* **Problem to work on**: Restate word for word the lines that run from the one containing "Офисные таблички на" to the last line of the data, both ends included.

*** Exercise data ***

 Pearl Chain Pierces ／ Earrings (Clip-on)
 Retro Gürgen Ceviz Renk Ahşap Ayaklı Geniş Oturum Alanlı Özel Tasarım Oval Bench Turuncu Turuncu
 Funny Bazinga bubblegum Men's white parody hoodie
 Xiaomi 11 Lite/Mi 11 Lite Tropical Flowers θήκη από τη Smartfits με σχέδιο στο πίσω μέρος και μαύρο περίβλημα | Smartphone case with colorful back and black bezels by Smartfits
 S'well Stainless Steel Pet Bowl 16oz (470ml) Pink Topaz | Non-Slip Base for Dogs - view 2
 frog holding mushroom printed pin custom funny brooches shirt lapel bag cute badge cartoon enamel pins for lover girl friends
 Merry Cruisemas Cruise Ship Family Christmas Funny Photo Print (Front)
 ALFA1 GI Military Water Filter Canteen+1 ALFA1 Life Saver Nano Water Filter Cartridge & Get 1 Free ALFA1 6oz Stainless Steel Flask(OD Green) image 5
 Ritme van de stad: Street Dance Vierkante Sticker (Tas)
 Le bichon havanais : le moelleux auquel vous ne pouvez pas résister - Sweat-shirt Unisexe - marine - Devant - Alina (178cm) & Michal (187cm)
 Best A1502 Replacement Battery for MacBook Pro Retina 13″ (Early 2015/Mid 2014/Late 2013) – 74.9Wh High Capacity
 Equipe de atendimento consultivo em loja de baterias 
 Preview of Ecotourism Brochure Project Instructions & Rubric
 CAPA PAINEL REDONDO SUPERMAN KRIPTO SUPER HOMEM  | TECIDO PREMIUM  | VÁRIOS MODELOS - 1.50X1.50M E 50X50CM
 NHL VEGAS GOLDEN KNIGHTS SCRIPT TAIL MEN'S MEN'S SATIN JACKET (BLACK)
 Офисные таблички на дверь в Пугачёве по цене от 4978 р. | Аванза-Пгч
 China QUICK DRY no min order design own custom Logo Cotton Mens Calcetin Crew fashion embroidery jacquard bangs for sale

*** End of Exercise data ***

* **Response box**:
 Офисные таблички на дверь в Пугачёве по цене от 4978 р. | Аванза-Пгч
 China QUICK DRY no min order design own custom Logo Cotton Mens Calcetin Crew fashion embroidery jacquard bangs for sale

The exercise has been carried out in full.